Sunday Journal: Chit-Chat … 52 List for Happiness [#32]
Hello Everyone! … and Happy satisfying Sunday. Just when you thought Spring was coming, we got a winter blast. But let’s be real … March is still winter and winter is not done yet, as we were blessed with snow on Friday. I took an early afternoon just to relax, purged some more items, and refresh my bathroom. So I’m here and I’m blessed this Sunday.
Do you tell others that you’re happy when you’re really not? When “B” was growing up I never let on how I really felt because she was a child. Kids don’t ask to be here and be placed in adult situations so if I’m having trouble coping, or struggling with something it’s not her issue, nor her fault … it’s mine. It’s me that has to “fake till I make it“. This brings me to List #32 which asks … “List the ways you can fake it, till you make it in being happy”.
- My job
- The condo … because everything needs updating or renovating
- My wardrobe
“TAKE ACTION” Happiness and positivity take practice. In practicing self-love I once decided to tell myself out loud every day that I love myself. And you know what? It worked! Practice saying “I’m happy!” out loud every day this week and see what happens!
This “take action” will take practice, because I don’t like to “fake” happiness because I believe it should be genuine. With my job … I weigh the pros and cons, in order to be comfortable, but not happy. I have flexibility, great benefits, an office [which may seem like a trivial thing, but whenever I’ve had one of those days I can close my door and lock it], and I’ve also made some life-long friends. Do I like what I do … not really but the pros out-weigh the cons on some days and other days it’s vice-versa. I can’t tell myself I’m happy there because in some instances people control the happiness level, and people are unpredictable, so I can’t base my happiness on some other fools actions.

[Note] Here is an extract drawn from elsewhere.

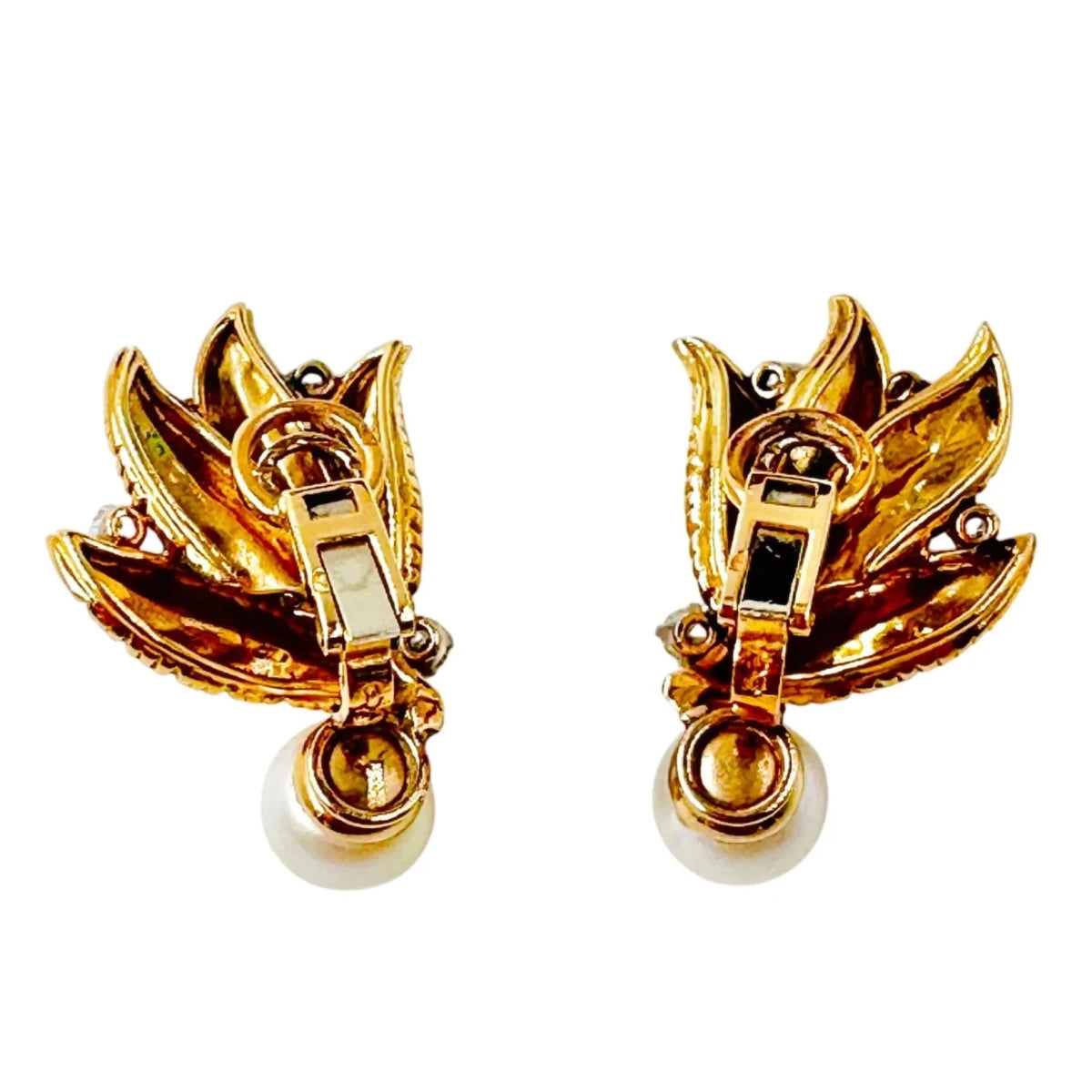 Boucles d'oreilles Clips Plumes en or jaune, platine, perles et diamants - Castafiore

The Condo … I rent my condo, and for years it’s been this push-and-pull to own it, but with ownership, I inherit the problems of the building and I can’t sit with that. So I can “fake it till I make it“. I can decorate and make it nice, and comfortable until I decide what I need to do. I’ve always had this need to make things nice because your home is where you rest your head, it’s where you recharge, so it should be a peaceful, happy, stress-free environment. I know there is stress with homeownership, but that stress is welcomed because it’s mine.

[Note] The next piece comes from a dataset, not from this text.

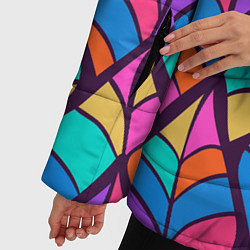 Куртка зимняя женская Разноцветный лиственный паттерн, цвет: 3D-черный — фото 2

What does this all mean? The moral of the “take action” relates to self-love because it’s assumed that in cases where people are not happy, it’s something within themselves. So you tell yourself every day … I’m happy because I have a job, a nice place to live, and people or family that care about me. I have things that others don’t. Will this eventually heal your heart, I believe it will. This also makes you appreciate life because you only get one, and that one is precious.
With that … I’ll close my post today. Thanks so much for visiting my blog, and with each post in this series, I hope that I can bring some of my experiences, happiness, and what I’ve learned to others, because if you have happiness in your heart, then you spread those experience to others, and pay it forward. The 52 List for Happiness: Weekly Journaling Inspiration for Positivity, Balance, and Joy is available on Amazon. – [Know Thyself] Wye
Want to get caught up on my 52 List Journal? See how this all began by starting from List #1 in the Archives.
[header photo | Moyo Studio + Creative Market | audio + Garage Band]
0 thoughts on “Sunday Journal: Chit-Chat … 52 List for Happiness [#32]”
You don’t have to feel happy to be happy.
I still struggle with that.
So do I. So do I. And I’ve been really struggling this year. ?
It’s hard because sometimes I feel like I’m missing something, or falling short, it’s like a fog that keeps coming back, but I know it will pass, and I pray that it will pass.
I’m in a tough fog. I feel like I can’t hear God clearly. Everything is bothering me to the point of frustration and anger. I can’t seem to remain at peace. So I know very well how you feel about the fog. It feels like it’s getting really thick. I just need my space for sure
Then maybe you need to take some time to get that peace so you can hear Him more clearly. Sometimes you have to literally block out the world.
That’s exactly how I feel, just blocking out everything and be still. I feel like logging off to regain consciousness.